TASK DIRECTIONS:
Copy each line below exactly and leave the pictures out.
Segment Start: RAW DATA
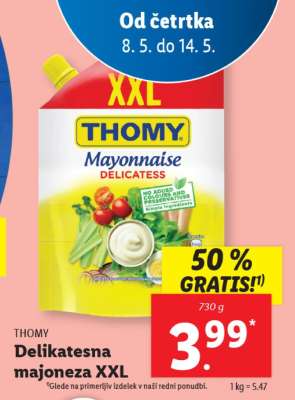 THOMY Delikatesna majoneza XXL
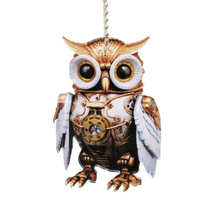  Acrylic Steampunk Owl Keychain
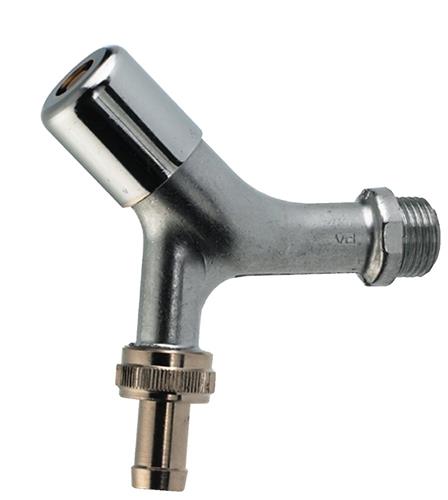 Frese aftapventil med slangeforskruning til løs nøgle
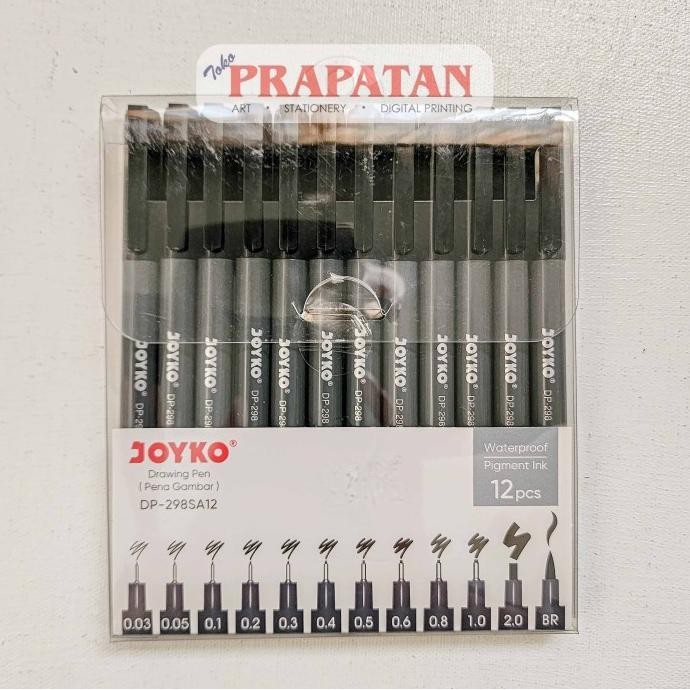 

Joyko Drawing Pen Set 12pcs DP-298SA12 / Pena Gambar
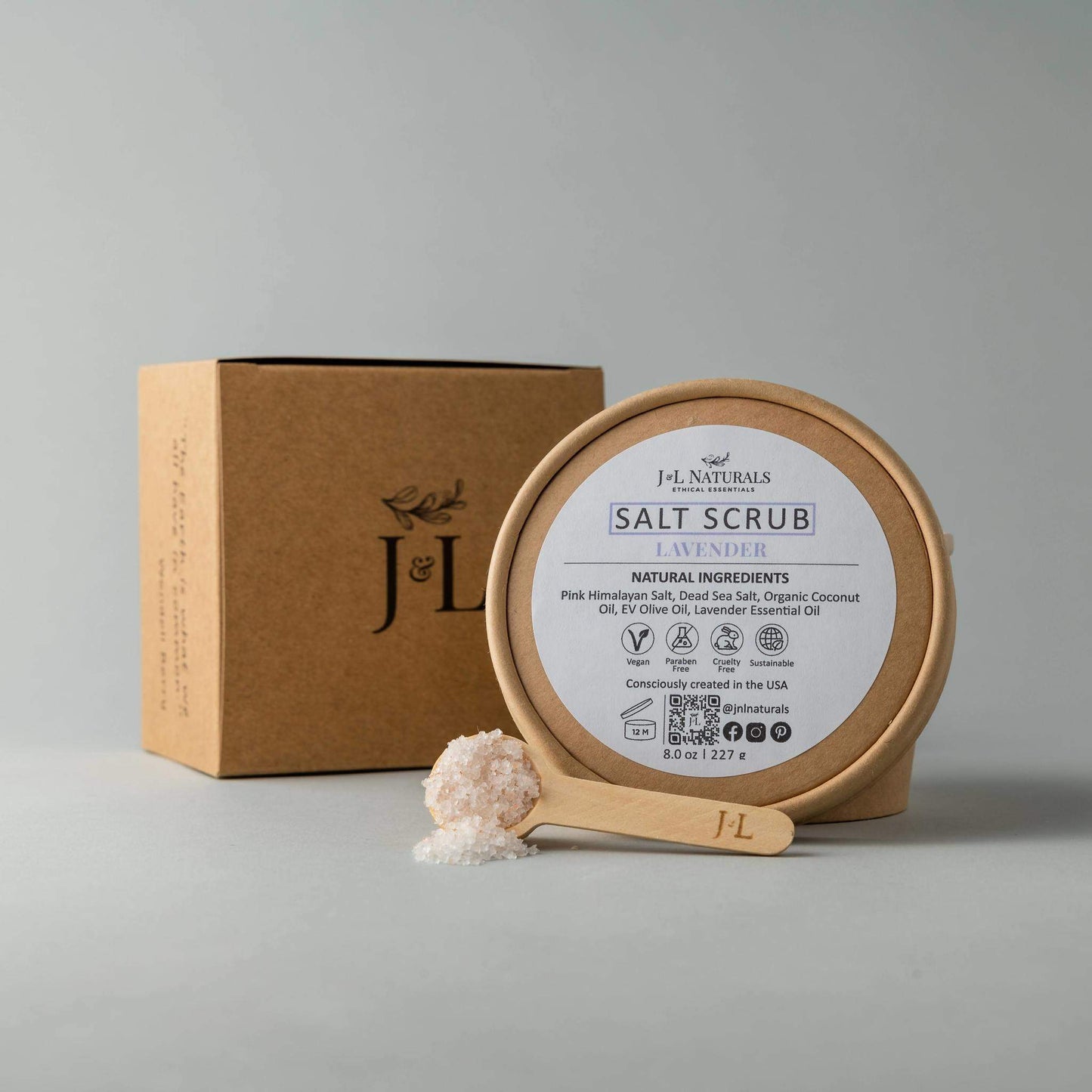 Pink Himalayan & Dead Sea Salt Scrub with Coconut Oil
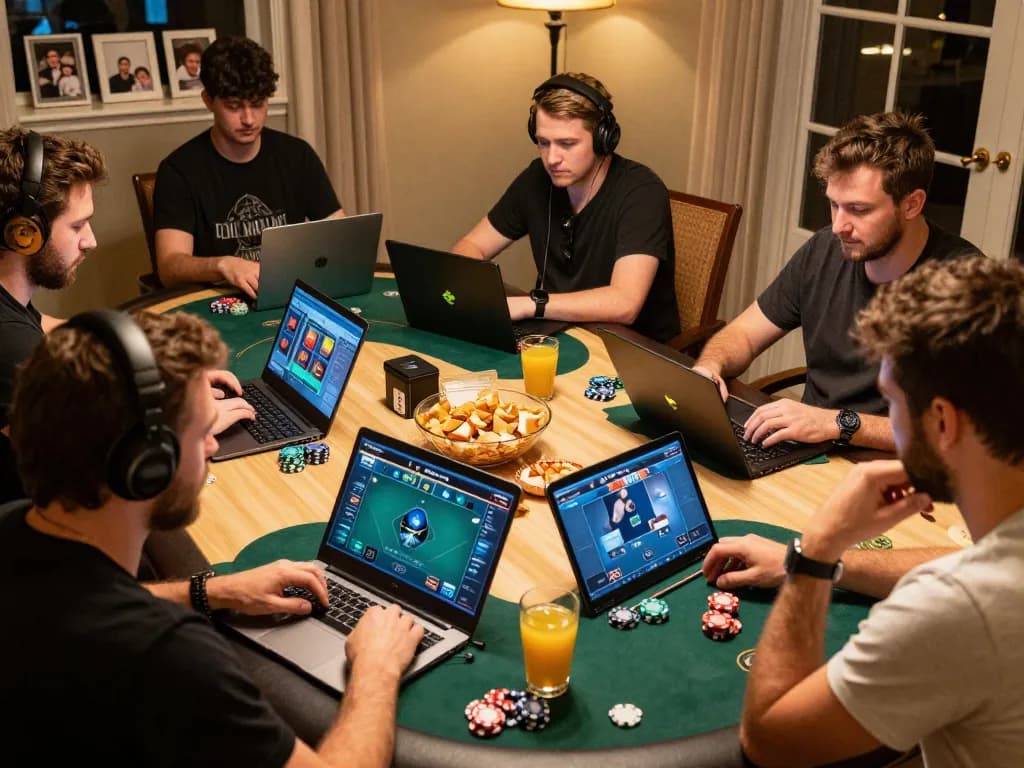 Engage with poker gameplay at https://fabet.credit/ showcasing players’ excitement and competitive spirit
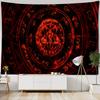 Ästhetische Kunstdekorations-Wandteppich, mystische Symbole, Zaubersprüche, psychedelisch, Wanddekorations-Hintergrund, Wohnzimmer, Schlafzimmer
Segment End: RAW DATA
EXERCISE RESPONSE:
 THOMY Delikatesna majoneza XXL
  Acrylic Steampunk Owl Keychain
 Frese aftapventil med slangeforskruning til løs nøgle

Joyko Drawing Pen Set 12pcs DP-298SA12 / Pena Gambar
 Pink Himalayan & Dead Sea Salt Scrub with Coconut Oil
 Engage with poker gameplay at https://fabet.credit/ showcasing players’ excitement and competitive spirit
 Ästhetische Kunstdekorations-Wandteppich, mystische Symbole, Zaubersprüche, psychedelisch, Wanddekorations-Hintergrund, Wohnzimmer, Schlafzimmer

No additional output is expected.